== Try it ==
Type out the whole listing again exactly, pictures omitted.

== Recorded data ==
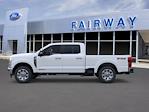 2026 Ford F-350 Crew Cab SRW 4WD Pickup for sale #A077 - photo 3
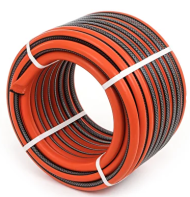 Шланг Жук Классик 25м 3/4" Трехслойный Арт-7121-00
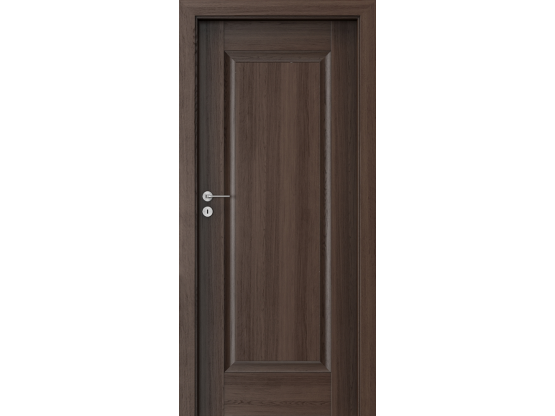 Глухе полотно Porta INSPIRE A.0 велика рамка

== Result for this exercise ==
 2026 Ford F-350 Crew Cab SRW 4WD Pickup for sale #A077 - photo 3
 Шланг Жук Классик 25м 3/4" Трехслойный Арт-7121-00
 Глухе полотно Porta INSPIRE A.0 велика рамка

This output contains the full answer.